Given an environment where a high volume web application is prone to opening many connections to backend resources, using a utility like pt-stalk is important.  When performance or availability affecting events like innodb lock waits or connection saturation occur, pt-stalk helps give you information you may need in troubleshooting what was happening.

The tendency may be to create multiple pt-stalks for various conditions.  This can be a poor decision when your server is dealing with both lock contention and high connections. When pt-stalk triggers, it triggers multiple simultaneous connections to MySQL to get the full processlist, lock waits, innodb transactions, slave status and other attributes.  Pt-stalk has the concept of sleeping a number of seconds after triggering, but once that time expires, the trigger may fire again, compounding the issue.  Put simply, pt-stalk can absorb the last few remaining connections on your database, particularly if you use extra_port (and run pt-stalk on the extra_port) and have a relatively low number of extra_max_connections.

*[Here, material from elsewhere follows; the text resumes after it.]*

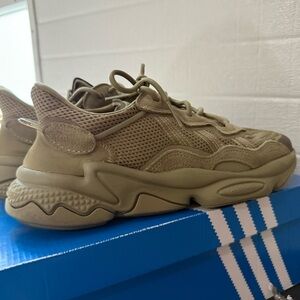 Adidas Ozweego in Cargo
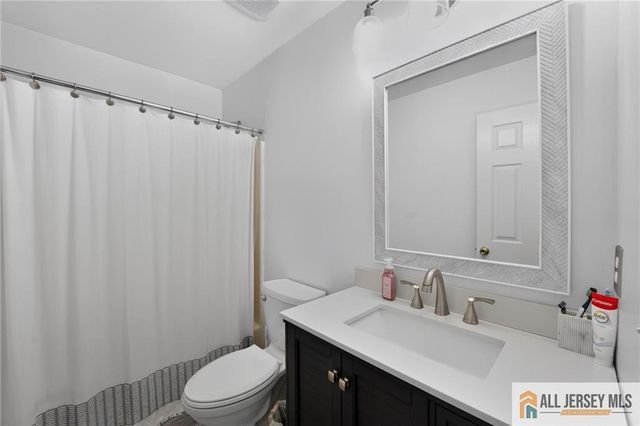 101 Cardinal Drive, Jackson, NJ 08527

Advice:  Stick to using only one of the built-in functions (like “processlist”) if it triggering when your processlist is large is enough for you.  Alternatively, write your own trg_plugin() function encompassing multiple tests that are relevant to your environment, if you need more than one check.

Unfortunately I cannot share the one I just wrote at this time (will need to write a more generic one to share later).  It checks processlist length, replication lag, innodb_trx wait time, and innodb_lock_waits, so that I could fold four of our more relevant checks into 1 pt-stalk and avoid the “connection stack_up” when MySQL was having an issue and mutiple stalks were firing.